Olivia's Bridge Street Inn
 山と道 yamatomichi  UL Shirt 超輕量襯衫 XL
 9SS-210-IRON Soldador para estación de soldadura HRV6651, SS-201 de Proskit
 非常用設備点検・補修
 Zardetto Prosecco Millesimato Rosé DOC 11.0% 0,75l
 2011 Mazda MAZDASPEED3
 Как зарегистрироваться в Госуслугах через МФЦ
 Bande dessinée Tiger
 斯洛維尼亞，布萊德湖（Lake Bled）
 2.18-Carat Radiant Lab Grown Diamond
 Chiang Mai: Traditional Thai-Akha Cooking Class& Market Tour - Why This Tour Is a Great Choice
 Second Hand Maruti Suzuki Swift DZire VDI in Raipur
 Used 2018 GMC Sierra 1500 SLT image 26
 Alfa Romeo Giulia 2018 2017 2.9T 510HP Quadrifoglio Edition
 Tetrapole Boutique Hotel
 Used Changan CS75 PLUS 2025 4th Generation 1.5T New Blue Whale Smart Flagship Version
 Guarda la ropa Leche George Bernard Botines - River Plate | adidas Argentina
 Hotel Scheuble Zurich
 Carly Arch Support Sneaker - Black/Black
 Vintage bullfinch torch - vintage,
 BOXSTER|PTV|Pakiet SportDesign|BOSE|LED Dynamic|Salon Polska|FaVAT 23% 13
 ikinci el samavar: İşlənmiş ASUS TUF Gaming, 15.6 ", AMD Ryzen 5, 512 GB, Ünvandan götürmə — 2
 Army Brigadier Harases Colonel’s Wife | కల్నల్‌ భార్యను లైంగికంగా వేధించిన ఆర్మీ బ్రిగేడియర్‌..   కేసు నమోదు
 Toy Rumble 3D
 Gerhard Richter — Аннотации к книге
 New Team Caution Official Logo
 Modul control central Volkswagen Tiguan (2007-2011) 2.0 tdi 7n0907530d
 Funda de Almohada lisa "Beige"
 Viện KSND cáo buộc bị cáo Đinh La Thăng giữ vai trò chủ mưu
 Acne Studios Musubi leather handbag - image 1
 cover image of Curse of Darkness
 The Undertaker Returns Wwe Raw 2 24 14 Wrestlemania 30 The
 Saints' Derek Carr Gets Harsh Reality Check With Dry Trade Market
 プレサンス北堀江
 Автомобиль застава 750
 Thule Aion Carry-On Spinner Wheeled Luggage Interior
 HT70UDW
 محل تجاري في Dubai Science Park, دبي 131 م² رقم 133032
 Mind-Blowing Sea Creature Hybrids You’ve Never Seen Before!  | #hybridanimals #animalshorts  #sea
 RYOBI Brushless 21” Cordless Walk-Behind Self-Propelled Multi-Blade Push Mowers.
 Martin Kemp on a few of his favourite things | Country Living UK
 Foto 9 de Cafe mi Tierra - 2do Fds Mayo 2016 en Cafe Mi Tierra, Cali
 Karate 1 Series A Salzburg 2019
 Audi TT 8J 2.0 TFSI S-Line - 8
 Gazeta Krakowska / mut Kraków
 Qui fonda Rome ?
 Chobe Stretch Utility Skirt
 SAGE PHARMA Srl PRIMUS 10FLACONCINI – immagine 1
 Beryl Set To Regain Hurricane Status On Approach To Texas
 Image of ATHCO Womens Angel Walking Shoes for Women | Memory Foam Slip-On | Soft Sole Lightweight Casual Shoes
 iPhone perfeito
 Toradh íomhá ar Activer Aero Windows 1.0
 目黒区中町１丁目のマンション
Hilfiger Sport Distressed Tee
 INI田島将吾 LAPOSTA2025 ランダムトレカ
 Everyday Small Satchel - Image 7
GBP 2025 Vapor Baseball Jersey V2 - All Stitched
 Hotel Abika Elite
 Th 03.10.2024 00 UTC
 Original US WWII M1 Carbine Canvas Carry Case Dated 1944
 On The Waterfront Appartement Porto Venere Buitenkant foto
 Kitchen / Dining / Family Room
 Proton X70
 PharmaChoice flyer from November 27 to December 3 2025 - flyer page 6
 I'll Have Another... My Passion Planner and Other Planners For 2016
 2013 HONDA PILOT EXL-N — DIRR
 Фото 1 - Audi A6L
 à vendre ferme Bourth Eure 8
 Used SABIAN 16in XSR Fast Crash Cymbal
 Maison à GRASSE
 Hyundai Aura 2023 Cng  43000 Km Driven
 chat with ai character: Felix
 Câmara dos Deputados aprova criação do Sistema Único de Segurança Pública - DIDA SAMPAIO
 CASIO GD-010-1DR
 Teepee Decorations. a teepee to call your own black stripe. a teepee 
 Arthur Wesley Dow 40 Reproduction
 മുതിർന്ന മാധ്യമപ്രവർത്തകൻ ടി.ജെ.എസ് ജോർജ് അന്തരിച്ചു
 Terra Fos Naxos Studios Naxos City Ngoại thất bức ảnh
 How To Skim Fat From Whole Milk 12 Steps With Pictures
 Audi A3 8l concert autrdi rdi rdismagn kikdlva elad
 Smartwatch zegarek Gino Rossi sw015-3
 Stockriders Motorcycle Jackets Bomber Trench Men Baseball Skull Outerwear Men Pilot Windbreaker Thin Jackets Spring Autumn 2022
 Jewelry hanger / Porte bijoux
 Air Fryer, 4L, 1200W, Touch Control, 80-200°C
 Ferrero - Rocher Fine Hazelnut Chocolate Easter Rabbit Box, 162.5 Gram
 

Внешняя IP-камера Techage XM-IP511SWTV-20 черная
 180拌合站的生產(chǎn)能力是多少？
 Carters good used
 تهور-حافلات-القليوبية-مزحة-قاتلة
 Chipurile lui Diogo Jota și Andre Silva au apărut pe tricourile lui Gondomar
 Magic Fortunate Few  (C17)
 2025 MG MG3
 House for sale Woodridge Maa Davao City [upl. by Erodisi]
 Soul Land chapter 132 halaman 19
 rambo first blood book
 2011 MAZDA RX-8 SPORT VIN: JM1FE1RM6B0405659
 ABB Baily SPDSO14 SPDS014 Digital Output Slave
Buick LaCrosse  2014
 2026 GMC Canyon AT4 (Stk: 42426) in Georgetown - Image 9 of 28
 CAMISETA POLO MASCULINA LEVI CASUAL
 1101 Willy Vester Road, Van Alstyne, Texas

Task prompt ->
Give the data again, exactly as written.

Answer to this problem ->
Olivia's Bridge Street Inn
 山と道 yamatomichi  UL Shirt 超輕量襯衫 XL
 9SS-210-IRON Soldador para estación de soldadura HRV6651, SS-201 de Proskit
 非常用設備点検・補修
 Zardetto Prosecco Millesimato Rosé DOC 11.0% 0,75l
 2011 Mazda MAZDASPEED3
 Как зарегистрироваться в Госуслугах через МФЦ
 Bande dessinée Tiger
 斯洛維尼亞，布萊德湖（Lake Bled）
 2.18-Carat Radiant Lab Grown Diamond
 Chiang Mai: Traditional Thai-Akha Cooking Class& Market Tour - Why This Tour Is a Great Choice
 Second Hand Maruti Suzuki Swift DZire VDI in Raipur
 Used 2018 GMC Sierra 1500 SLT image 26
 Alfa Romeo Giulia 2018 2017 2.9T 510HP Quadrifoglio Edition
 Tetrapole Boutique Hotel
 Used Changan CS75 PLUS 2025 4th Generation 1.5T New Blue Whale Smart Flagship Version
 Guarda la ropa Leche George Bernard Botines - River Plate | adidas Argentina
 Hotel Scheuble Zurich
 Carly Arch Support Sneaker - Black/Black
 Vintage bullfinch torch - vintage,
 BOXSTER|PTV|Pakiet SportDesign|BOSE|LED Dynamic|Salon Polska|FaVAT 23% 13
 ikinci el samavar: İşlənmiş ASUS TUF Gaming, 15.6 ", AMD Ryzen 5, 512 GB, Ünvandan götürmə — 2
 Army Brigadier Harases Colonel’s Wife | కల్నల్‌ భార్యను లైంగికంగా వేధించిన ఆర్మీ బ్రిగేడియర్‌..   కేసు నమోదు
 Toy Rumble 3D
 Gerhard Richter — Аннотации к книге
 New Team Caution Official Logo
 Modul control central Volkswagen Tiguan (2007-2011) 2.0 tdi 7n0907530d
 Funda de Almohada lisa "Beige"
 Viện KSND cáo buộc bị cáo Đinh La Thăng giữ vai trò chủ mưu
 Acne Studios Musubi leather handbag - image 1
 cover image of Curse of Darkness
 The Undertaker Returns Wwe Raw 2 24 14 Wrestlemania 30 The
 Saints' Derek Carr Gets Harsh Reality Check With Dry Trade Market
 プレサンス北堀江
 Автомобиль застава 750
 Thule Aion Carry-On Spinner Wheeled Luggage Interior
 HT70UDW
 محل تجاري في Dubai Science Park, دبي 131 م² رقم 133032
 Mind-Blowing Sea Creature Hybrids You’ve Never Seen Before!  | #hybridanimals #animalshorts  #sea
 RYOBI Brushless 21” Cordless Walk-Behind Self-Propelled Multi-Blade Push Mowers.
 Martin Kemp on a few of his favourite things | Country Living UK
 Foto 9 de Cafe mi Tierra - 2do Fds Mayo 2016 en Cafe Mi Tierra, Cali
 Karate 1 Series A Salzburg 2019
 Audi TT 8J 2.0 TFSI S-Line - 8
 Gazeta Krakowska / mut Kraków
 Qui fonda Rome ?
 Chobe Stretch Utility Skirt
 SAGE PHARMA Srl PRIMUS 10FLACONCINI – immagine 1
 Beryl Set To Regain Hurricane Status On Approach To Texas
 Image of ATHCO Womens Angel Walking Shoes for Women | Memory Foam Slip-On | Soft Sole Lightweight Casual Shoes
 iPhone perfeito
 Toradh íomhá ar Activer Aero Windows 1.0
 目黒区中町１丁目のマンション
Hilfiger Sport Distressed Tee
 INI田島将吾 LAPOSTA2025 ランダムトレカ
 Everyday Small Satchel - Image 7
GBP 2025 Vapor Baseball Jersey V2 - All Stitched
 Hotel Abika Elite
 Th 03.10.2024 00 UTC
 Original US WWII M1 Carbine Canvas Carry Case Dated 1944
 On The Waterfront Appartement Porto Venere Buitenkant foto
 Kitchen / Dining / Family Room
 Proton X70
 PharmaChoice flyer from November 27 to December 3 2025 - flyer page 6
 I'll Have Another... My Passion Planner and Other Planners For 2016
 2013 HONDA PILOT EXL-N — DIRR
 Фото 1 - Audi A6L
 à vendre ferme Bourth Eure 8
 Used SABIAN 16in XSR Fast Crash Cymbal
 Maison à GRASSE
 Hyundai Aura 2023 Cng  43000 Km Driven
 chat with ai character: Felix
 Câmara dos Deputados aprova criação do Sistema Único de Segurança Pública - DIDA SAMPAIO
 CASIO GD-010-1DR
 Teepee Decorations. a teepee to call your own black stripe. a teepee 
 Arthur Wesley Dow 40 Reproduction
 മുതിർന്ന മാധ്യമപ്രവർത്തകൻ ടി.ജെ.എസ് ജോർജ് അന്തരിച്ചു
 Terra Fos Naxos Studios Naxos City Ngoại thất bức ảnh
 How To Skim Fat From Whole Milk 12 Steps With Pictures
 Audi A3 8l concert autrdi rdi rdismagn kikdlva elad
 Smartwatch zegarek Gino Rossi sw015-3
 Stockriders Motorcycle Jackets Bomber Trench Men Baseball Skull Outerwear Men Pilot Windbreaker Thin Jackets Spring Autumn 2022
 Jewelry hanger / Porte bijoux
 Air Fryer, 4L, 1200W, Touch Control, 80-200°C
 Ferrero - Rocher Fine Hazelnut Chocolate Easter Rabbit Box, 162.5 Gram
 

Внешняя IP-камера Techage XM-IP511SWTV-20 черная
 180拌合站的生產(chǎn)能力是多少？
 Carters good used
 تهور-حافلات-القليوبية-مزحة-قاتلة
 Chipurile lui Diogo Jota și Andre Silva au apărut pe tricourile lui Gondomar
 Magic Fortunate Few  (C17)
 2025 MG MG3
 House for sale Woodridge Maa Davao City [upl. by Erodisi]
 Soul Land chapter 132 halaman 19
 rambo first blood book
 2011 MAZDA RX-8 SPORT VIN: JM1FE1RM6B0405659
 ABB Baily SPDSO14 SPDS014 Digital Output Slave
Buick LaCrosse  2014
 2026 GMC Canyon AT4 (Stk: 42426) in Georgetown - Image 9 of 28
 CAMISETA POLO MASCULINA LEVI CASUAL
 1101 Willy Vester Road, Van Alstyne, Texas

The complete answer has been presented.